In a third, a Google speech service logged all audio, including an estimated 1,000 childrens’ speech data, for around an hour. “Estimated 1K child speech utterances was collected. Team deleted all logged speech data from the affected time period,” the report read.

In another incident, a customer of Google’s cloud product which is for government clients who need to protect sensitive data, was inadvertently transitioned to a consumer level product. “As a result of an accidental SKU migration to G Suite for Business, US data location is no longer guaranteed for this customer,” the report says.

In some cases, the reports themselves say that the issue has been fixed. After 404 Media shared the identifying codes of around 30 incidents with Google, the company said that each of them was resolved at the time. 
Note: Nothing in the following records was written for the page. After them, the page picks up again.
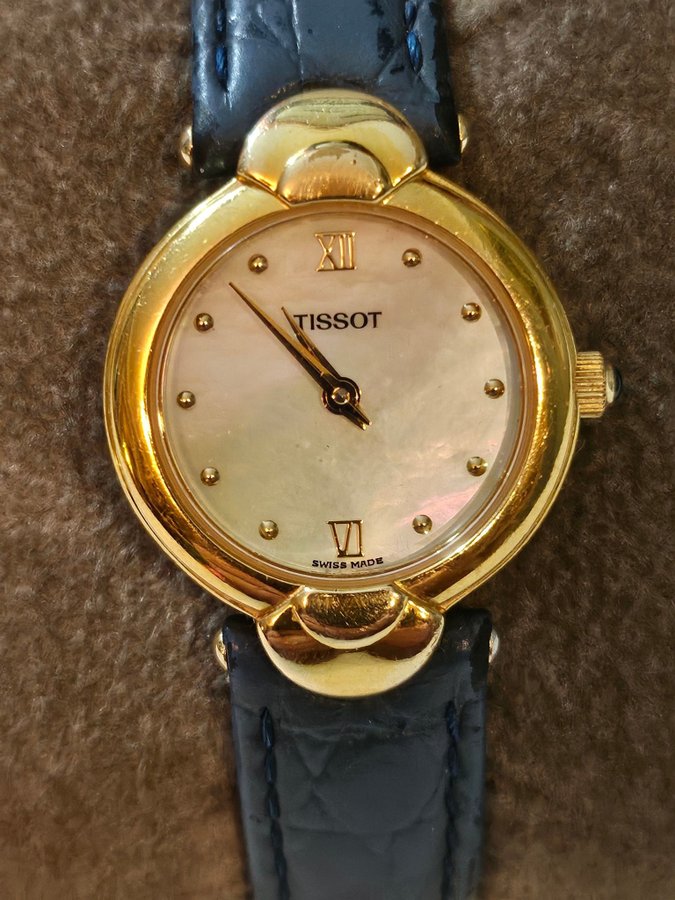 VINTAGE DAMARMBANDSUR FRÅN TISSOT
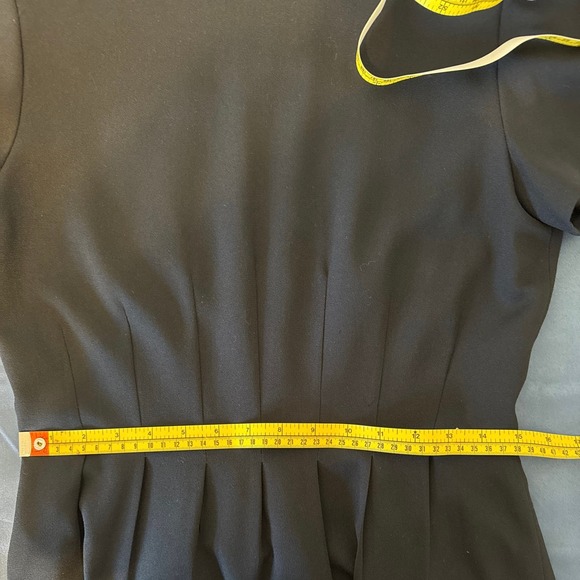 Elegant Black Dress - Picture 7 of 8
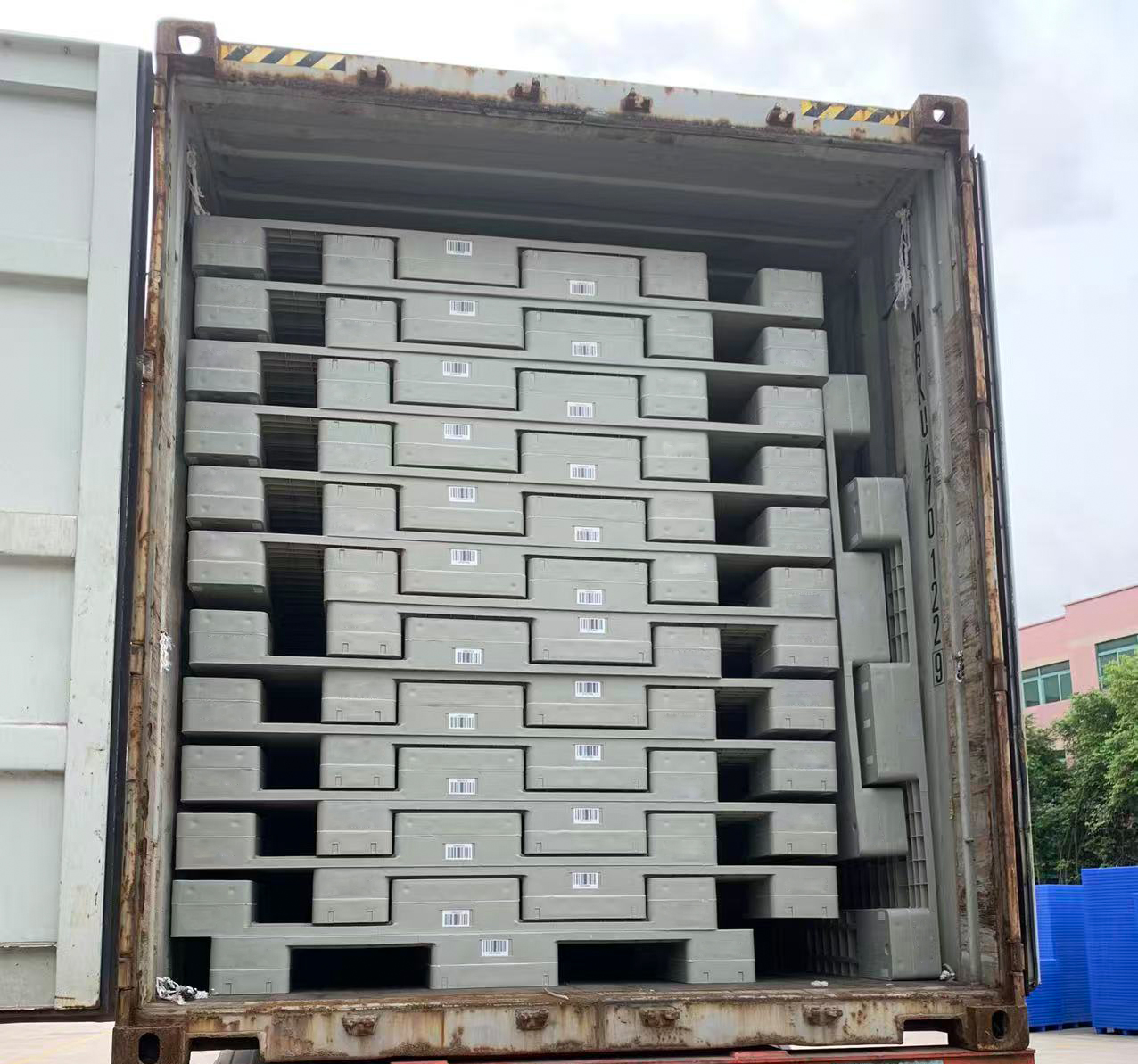 Plastic Pallet Loading Cambodia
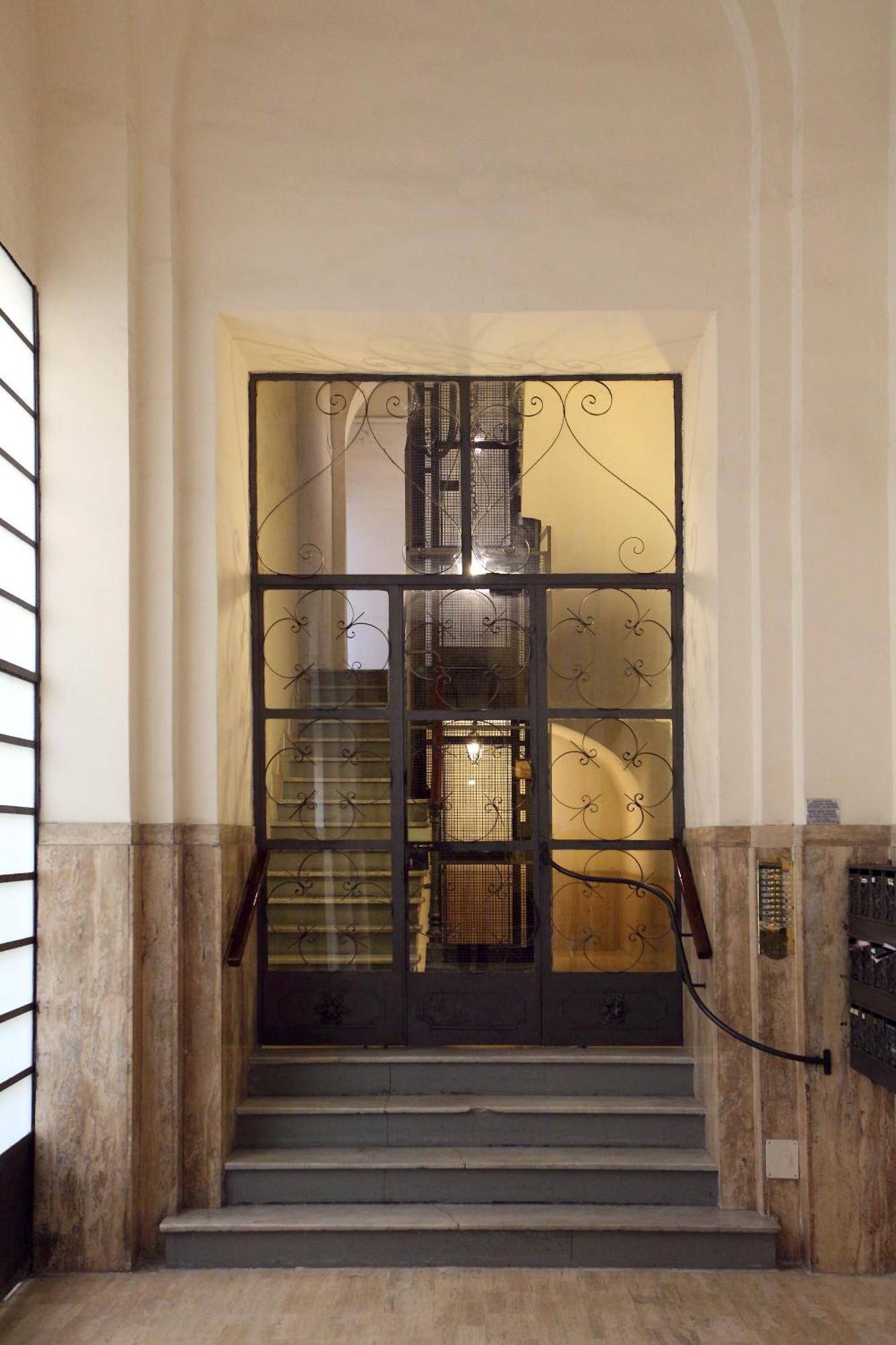 Appartamento D'Epoca Colosseo Art Gallery Rome Luaran gambar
Some other incidents marked with high priority or are otherwise notable in the database include:

  • A filter that was supposed to stop childrens’ voices from being collected was not correctly applied.
  • A person modified customer accounts on AdWords, what Google’s ad platform was named at the time, to manipulate affiliate tracking codes on ads.
  • The global security team warned that it was expecting a dawn raid of a Google office in Jakarta in April 2017 (a similar incident did happen in September 2016).
  • Waze carpool’s feature leaked the trips and home addresses of other users.
  • A Google employee accessed private videos in Nintendo’s YouTube account, and leaked information ahead of Ninendo’s planned announcements. An internal interview concluded the activity was “non-intentional,” the report says.
  • Sabre, a travel agent that Google uses, was compromised and Google employee payment information was exposed.
  • A quirk in Android’s keyboard meant that children were pressing the microphone button, resulting in Google logging audio from children as part of the launch of the YouTube Kids app.
  • YouTube made recommendations based on videos users had deleted from their watch history, which was against YouTube’s own policy.
  • A YouTube blurring feature was exposing uncensored versions of pictures.
  • When iOS users of Google Drive or Docs set access controls on a file as “Anyone with the link,” Google actually treated it as a “Public” link.
  • YouTube videos uploaded as unlisted or private could appear publicly available for a short time.
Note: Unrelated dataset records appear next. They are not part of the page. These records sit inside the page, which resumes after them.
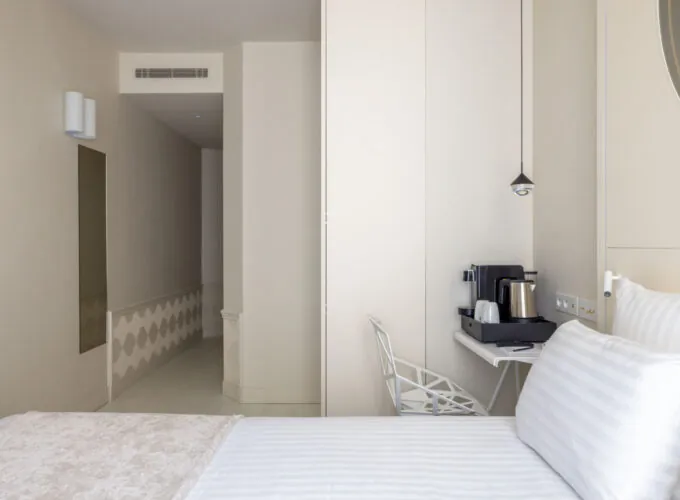 Chambre Double Standard Claudie Haigneré avec un lit et un bureau à l’hôtel Astra Opéra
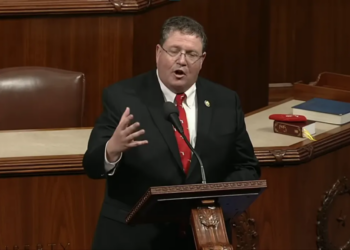 ‘Gaslighter’: MAGA lawmaker loses it when called out on 2nd Amendment hypocrisy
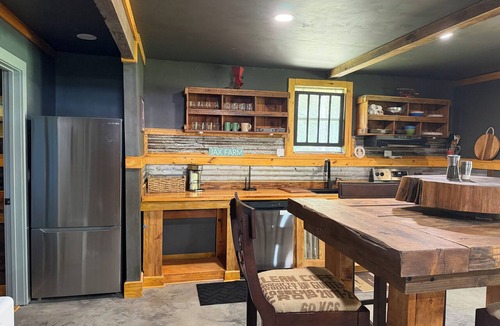 Andalusia Cabin | Adorable 2-bedroom cabin in the CONECUH National Forest for your getaway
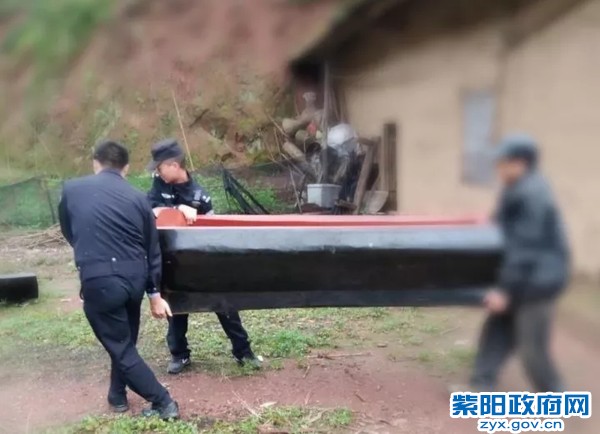 身边暖警 (4).jpg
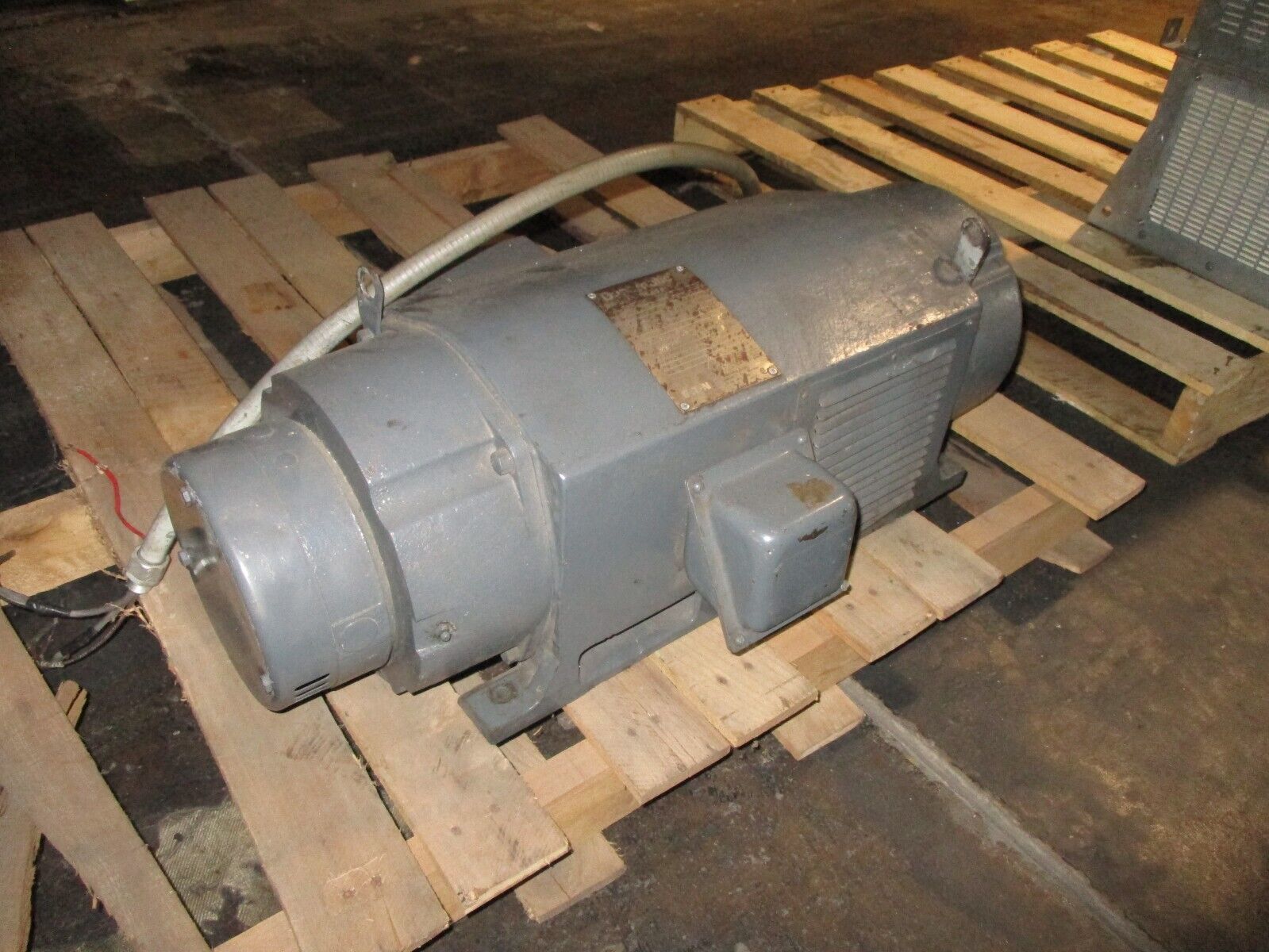 Dynamic Clutch-Brake DC Motor M2-300097-9043 7.5HP 1800RPM 3Ph 200V 23A 60Hz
Google told 404 Media in a statement “At Google employees can quickly flag potential product issues for review by the relevant teams. When an employee submits the flag they suggest the priority level to the reviewer. The reports obtained by 404 are from over six years ago and are examples of these flags—every one was reviewed and resolved at that time. In some cases, these employee flags turned out not to be issues at all or were issues that employees found in third party services.”

404 Media obtained the large dataset from an anonymous tipster who did not provide their real name or identity. 404 Media then verified the veracity of the dataset; Google also confirmed aspects of its contents.